Por eso, no parece inteligente que se vea más allá de lo que es el movimiento que repudia la corrupción. La lucha contra ese flagelo es global, afecta un amplio abanico de instituciones, incluida una de las más importantes, cuya misión es precisamente promover los valores más elevados de integridad y moralidad, sea mediante la fe o el compromiso social.
Lo fundamental es que haya consecuencias. Que quienes se aprovechan de las posiciones desempeñadas en la administración pública y cometen ilícitos paguen por sus hechos, sin considerar que haya sido en la actual o en pasadas administraciones.
El movimiento que recauda apoyo mediante firmas para que sean procesados los responsables de esos actos, canaliza un sentimiento social que debe ser comprendido por quienes gobiernan, que se suponen garantes del buen hacer en el manejo de la cosa pública.

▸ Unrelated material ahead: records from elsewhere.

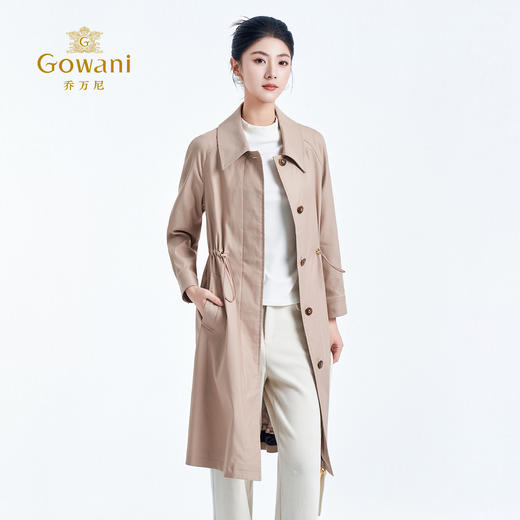 乔万尼2025秋新品中长款抽绳设计气质翻领修身风衣EM1A143 商品图2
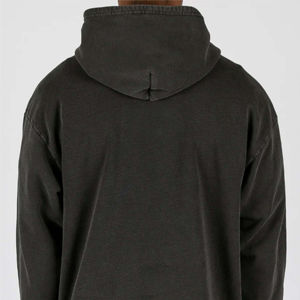 Sweat à capuche oversize uni en polaire 100 % polyester épais personnalisé avec logo brodé pour homme, marque privée, hiver - Product Image 3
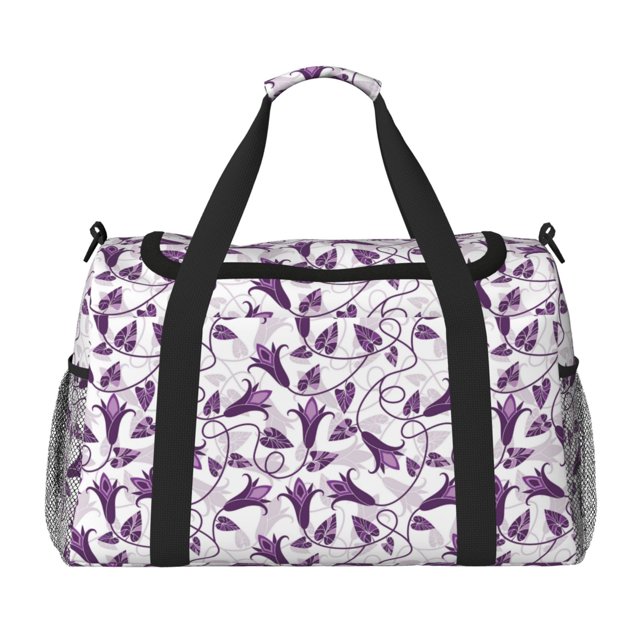 Balery Violets Flowers Bolsa de Gimnasio para Mujeres, Bolsa de Viaje con Bolsillo Húmedo, Bolsa de Fin de Semana para Mujeres, Bolsa de Viaje Resistente al Agua
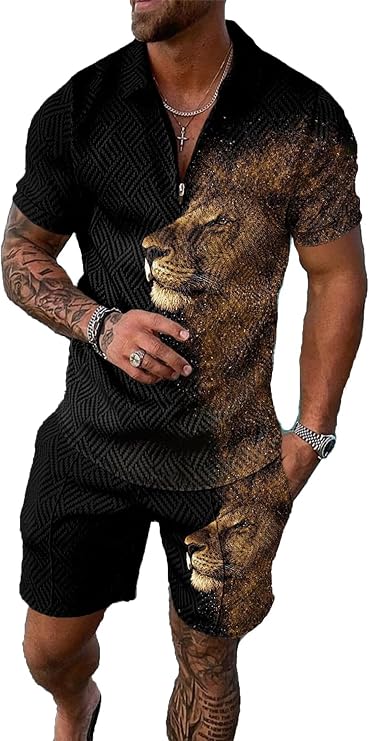 BIRW Mens Track Suits 2 Piece Summer Short Sets Outfits Fashion Polo Shirt Casual Short Sleeve and Shorts set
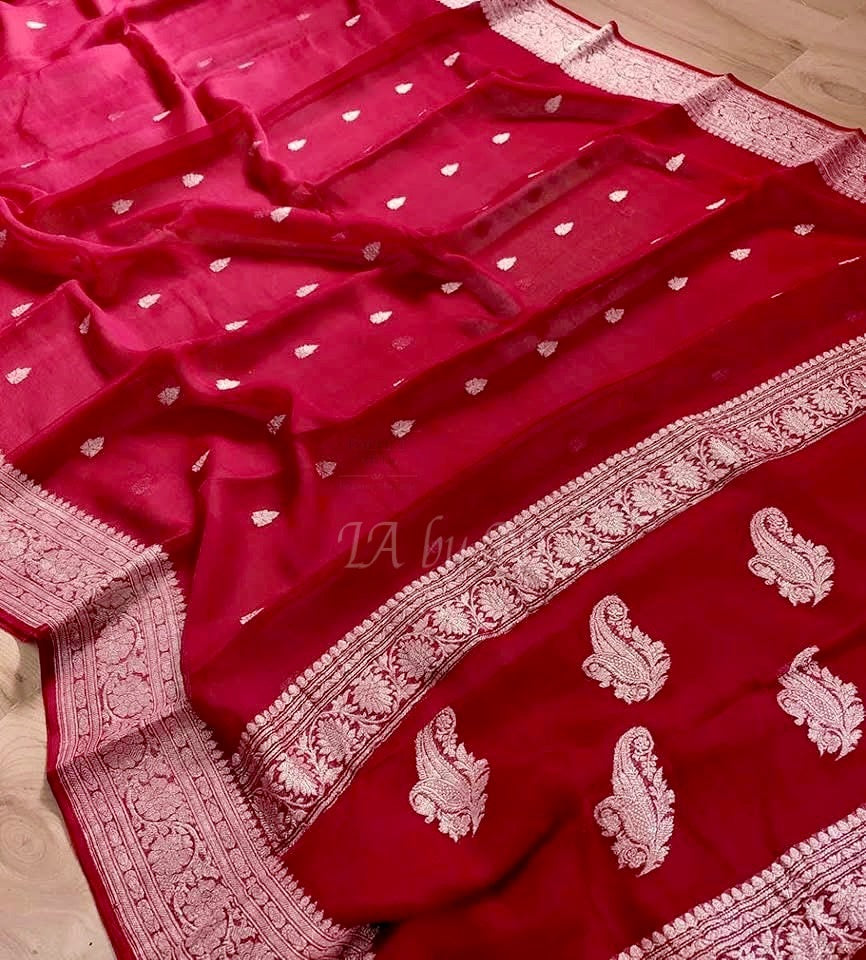 Ruby Banarasi Pure Khaddi Georgette Kadwa Saree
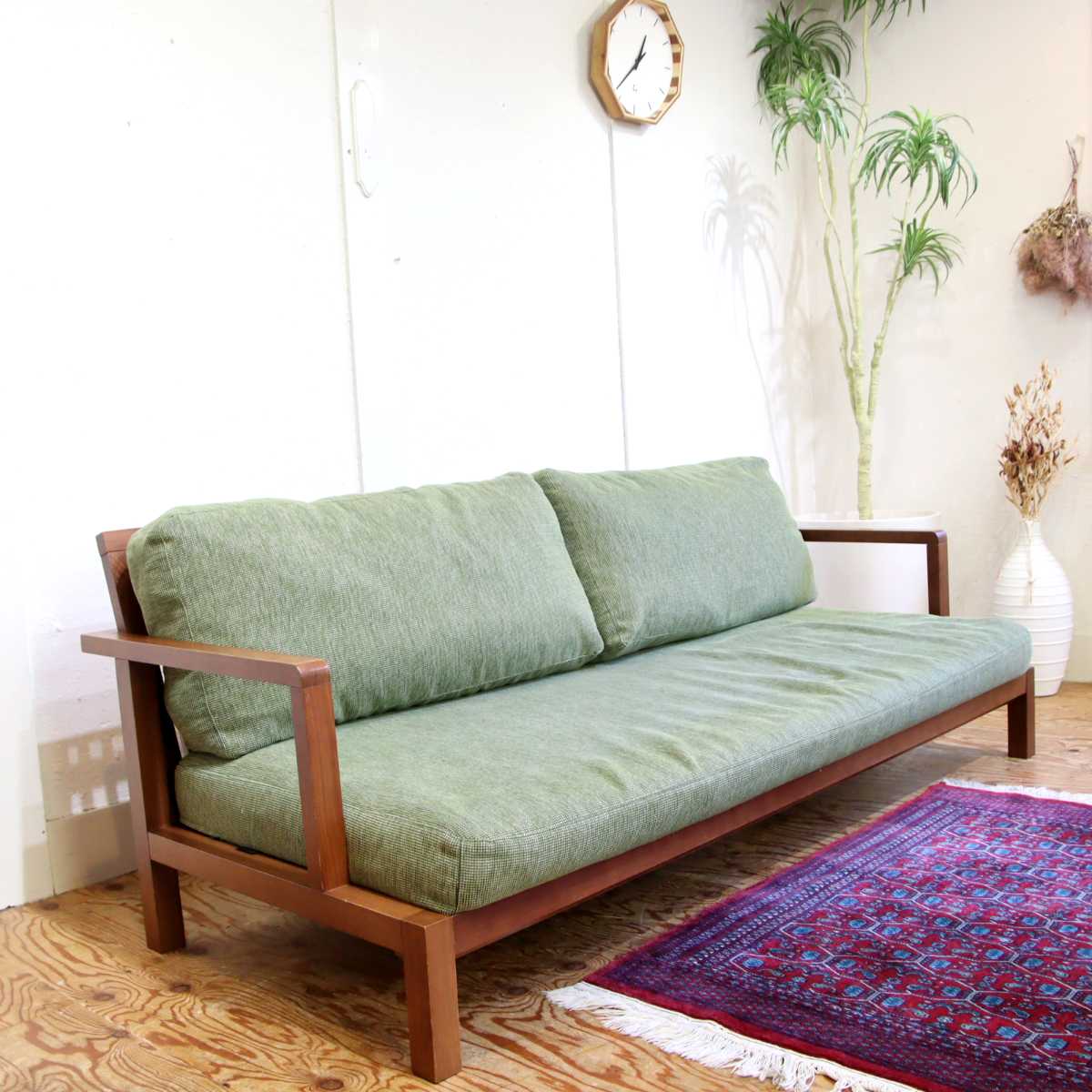 フランネルソファ / FLANNEL SOFA ストランド / STRAND 3人掛けソファ 3Pソファ グリーン 木製 中古 – RESTYLE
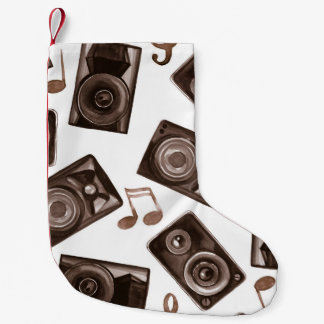 Petite Chaussette De Noël Aquarelle Musique Haut-parleurs Sepia Motif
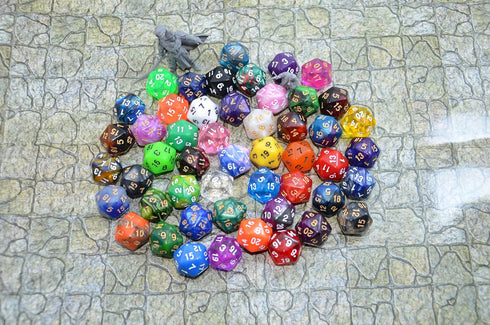 50-Pack 20 Sided Dice D20 Polyhedral Dice with Pouch for DND RPG MTG Tabletop Game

Ningún estamento social puede en forma alguna ser insensible frente a las demandas de justicia. No puede prevalecer la impunidad y menos cuando se trata de los bienes del pueblo.
Tiene que procederse de acuerdo con la ley. La judicialización del caso es lo que indica la norma. Para eso están los tribunales. La decisión del Ministerio Público de presentar el expediente sobre los sobornos de Odebrecht debe seguir el curso previsto.
En esa actitud debe coincidir todo el mundo. Claro, igual hay que entender que existe un alto grado de indignación social, y que el ejercicio de la protesta cae dentro de los derechos ciudadanos, siempre en el marco de la ley.
Corresponde a la justicia decidir quiénes han de responder por sus actos. Ni más ni menos. La impunidad debe llegar a su fin.